Il fallimento traumatico di questo equilibrio delicato disturba e travolge la rappresentazione di sé in un senso di fallimento di impotenza e di autodisprezzo. “Difficile quando si determina questo processo negativo riuscire a conservare un ragionevole atteggiamento equilibrato nei confronti di quanto possa essere ritenuto accettabile o semplicemente realistico. E’ ormai da molti decenni che si è sviluppata la consapevolezza, che l’organizzazione lavorativa attuale fa leva, prevalentemente, attraverso gerarchie esecutive di impiego consistenti in centinaia se non migliaia di rapporti diadici superiore- subordinato. Questa forma di gerarchia esecutiva ha così, nel tempo, nella nostra società, acquistato una grande capacità di incidere sulla natura dei rapporti interpersonali e sulla natura soggettiva delle relazioni. Molto sinteticamente possiamo individuare quattro bisogni comuni a tutte le persone: l’aspirazione ad utilizzare l’intera propria capacità di risolvere problemi nel contesto del proprio lavoro; nel rispetto dei rapporti di subordinazione la percezione di un corretto proprio coinvolgimento nella determinazione degli obiettivi; in terzo luogo il bisogno di sentirsi in condizione di avere la possibilità di ricorrere a processi di revisione del controllo che altri sente hanno sull’operato personale. Ultimo e non marginale sentire di poter costruire una collocazione nel gruppo di appartenenza di una propria posizione differenziale appropriata e di tipo coesivo e collaborativo. Purtroppo questi bisogni hanno differenti risposte e possibilità di essere accolti a seconda di limitazioni che l’organizzazione stessa subisce per le situazioni economiche, di possibilità di occupazione/disoccupazione e tutto quanto limita la capacità individuale e organizzativa di una partecipazione effettiva accentuando la dipendenza e sistemi di condizionamento estranei al proprio mondo soggettivo” – prosegue Siboni.
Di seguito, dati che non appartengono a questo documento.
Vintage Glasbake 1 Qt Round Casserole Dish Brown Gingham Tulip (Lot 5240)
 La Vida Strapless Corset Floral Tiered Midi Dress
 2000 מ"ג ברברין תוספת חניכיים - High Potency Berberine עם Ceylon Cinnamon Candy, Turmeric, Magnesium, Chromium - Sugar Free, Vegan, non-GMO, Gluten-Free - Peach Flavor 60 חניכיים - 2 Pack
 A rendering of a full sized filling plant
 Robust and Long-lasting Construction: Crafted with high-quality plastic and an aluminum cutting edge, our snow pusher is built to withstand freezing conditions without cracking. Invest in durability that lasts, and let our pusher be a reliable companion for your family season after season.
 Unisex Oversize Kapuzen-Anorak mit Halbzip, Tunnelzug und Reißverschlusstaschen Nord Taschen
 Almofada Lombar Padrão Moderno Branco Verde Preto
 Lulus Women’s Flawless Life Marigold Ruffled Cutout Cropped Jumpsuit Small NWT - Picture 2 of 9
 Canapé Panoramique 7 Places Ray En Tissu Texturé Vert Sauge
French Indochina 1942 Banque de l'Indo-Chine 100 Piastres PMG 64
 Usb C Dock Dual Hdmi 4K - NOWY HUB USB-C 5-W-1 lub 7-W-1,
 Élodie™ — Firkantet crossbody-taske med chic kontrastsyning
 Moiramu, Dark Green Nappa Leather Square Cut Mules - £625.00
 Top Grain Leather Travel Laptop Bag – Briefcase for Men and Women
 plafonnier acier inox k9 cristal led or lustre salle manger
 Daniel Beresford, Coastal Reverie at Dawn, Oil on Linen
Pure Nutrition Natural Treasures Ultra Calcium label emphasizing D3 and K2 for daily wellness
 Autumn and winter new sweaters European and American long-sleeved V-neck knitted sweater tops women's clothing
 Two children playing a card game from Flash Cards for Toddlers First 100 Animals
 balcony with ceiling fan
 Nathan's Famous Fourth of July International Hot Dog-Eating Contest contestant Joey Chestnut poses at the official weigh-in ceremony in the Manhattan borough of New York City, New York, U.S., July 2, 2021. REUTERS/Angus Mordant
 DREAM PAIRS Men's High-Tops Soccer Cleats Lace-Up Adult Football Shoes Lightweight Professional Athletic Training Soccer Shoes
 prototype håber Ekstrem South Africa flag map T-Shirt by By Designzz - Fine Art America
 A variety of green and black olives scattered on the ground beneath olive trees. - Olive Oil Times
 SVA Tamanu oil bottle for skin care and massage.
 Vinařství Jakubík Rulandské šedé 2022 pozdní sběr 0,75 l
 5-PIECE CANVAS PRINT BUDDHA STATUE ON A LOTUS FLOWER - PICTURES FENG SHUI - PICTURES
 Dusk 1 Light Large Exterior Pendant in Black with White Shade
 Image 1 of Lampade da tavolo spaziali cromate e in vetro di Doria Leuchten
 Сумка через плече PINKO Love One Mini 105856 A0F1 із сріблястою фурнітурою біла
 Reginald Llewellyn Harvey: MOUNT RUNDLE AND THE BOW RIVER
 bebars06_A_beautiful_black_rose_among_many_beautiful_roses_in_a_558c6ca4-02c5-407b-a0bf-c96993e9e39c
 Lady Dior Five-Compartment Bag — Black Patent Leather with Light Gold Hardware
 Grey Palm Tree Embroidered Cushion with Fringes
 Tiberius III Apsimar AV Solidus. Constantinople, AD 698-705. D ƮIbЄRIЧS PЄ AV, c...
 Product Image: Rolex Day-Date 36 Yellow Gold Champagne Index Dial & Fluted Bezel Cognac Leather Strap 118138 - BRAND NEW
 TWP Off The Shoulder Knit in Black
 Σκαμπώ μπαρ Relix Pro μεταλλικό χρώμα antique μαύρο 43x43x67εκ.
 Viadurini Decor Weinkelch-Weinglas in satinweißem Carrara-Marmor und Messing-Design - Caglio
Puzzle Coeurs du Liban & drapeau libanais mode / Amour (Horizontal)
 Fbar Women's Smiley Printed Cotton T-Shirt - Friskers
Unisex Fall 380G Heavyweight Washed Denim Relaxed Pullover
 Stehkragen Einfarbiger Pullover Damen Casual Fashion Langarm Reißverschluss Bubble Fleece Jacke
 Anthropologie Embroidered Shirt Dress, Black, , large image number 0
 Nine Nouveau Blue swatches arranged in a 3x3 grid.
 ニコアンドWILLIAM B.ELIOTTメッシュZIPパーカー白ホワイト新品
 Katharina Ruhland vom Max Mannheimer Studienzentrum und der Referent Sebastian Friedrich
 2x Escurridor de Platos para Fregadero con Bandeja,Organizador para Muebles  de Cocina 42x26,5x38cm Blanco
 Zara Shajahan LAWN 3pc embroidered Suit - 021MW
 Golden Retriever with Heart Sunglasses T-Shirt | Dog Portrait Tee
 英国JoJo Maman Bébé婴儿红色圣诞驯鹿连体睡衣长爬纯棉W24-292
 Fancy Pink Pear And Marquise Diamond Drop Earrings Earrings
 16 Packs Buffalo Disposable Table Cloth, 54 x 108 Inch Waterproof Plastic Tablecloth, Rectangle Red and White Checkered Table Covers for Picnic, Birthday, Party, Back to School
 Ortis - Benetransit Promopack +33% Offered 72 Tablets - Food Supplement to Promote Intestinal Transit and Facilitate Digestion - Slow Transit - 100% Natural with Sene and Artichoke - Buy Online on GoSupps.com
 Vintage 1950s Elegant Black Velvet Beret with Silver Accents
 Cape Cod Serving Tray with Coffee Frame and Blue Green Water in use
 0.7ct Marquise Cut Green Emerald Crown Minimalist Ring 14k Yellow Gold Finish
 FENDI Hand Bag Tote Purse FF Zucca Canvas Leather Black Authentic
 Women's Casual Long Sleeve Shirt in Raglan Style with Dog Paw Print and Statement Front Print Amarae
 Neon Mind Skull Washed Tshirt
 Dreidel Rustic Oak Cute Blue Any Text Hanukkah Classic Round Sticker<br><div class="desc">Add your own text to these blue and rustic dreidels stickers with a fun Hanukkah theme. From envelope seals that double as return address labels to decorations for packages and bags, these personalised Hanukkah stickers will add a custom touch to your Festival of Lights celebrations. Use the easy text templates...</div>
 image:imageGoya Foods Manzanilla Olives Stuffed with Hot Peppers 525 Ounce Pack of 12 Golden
Conclude la psicologa: “E’ ormai consapevolezza e conoscenza che a partire dagli studi sulle organizzazioni e le relazioni organizzative e sugli effetti che le organizzazioni hanno sugli individui compiuti a partire dagli anni ’70 del secolo scorso sono emersi alcuni punti essenziali: il nesso che esiste tra struttura sociale e sofferenza psicologica e quindi il diverso significato e incidenza che i tipi di sofferenza mentale hanno nelle diverse componenti sociali; gli effetti sui comportamenti degli individui come lo stress a cui sono sottoposti come membri di un determinato gruppo; la difficoltà di organizzare all’interno della vita sociale situazioni di cura e di intervento adeguate per questi stati di sofferenza psicologica e mentale. Ritornando alla drammatica testimonianza di sofferenza di B. senza avere l’intenzione di intromettersi in valutazioni personali e individuali che richiedono un’attenzione più precisa e specifica alla situazione vissuta e alla storia personale sicuramente è importante non dimenticarsi di collocare quest’ultima entro dinamiche attivate all’interno delle organizzazioni gerarchiche in cui ha vissuto. Questa testimonianza drammatica offerta da questo caso apre una necessaria riflessione approfondita sull’incidenza e sul significato e sull’adeguatezza delle pratiche organizzative delle istituzioni in modo da renderle più adeguate e protettive dei bisogni delle persone che vi lavorano”.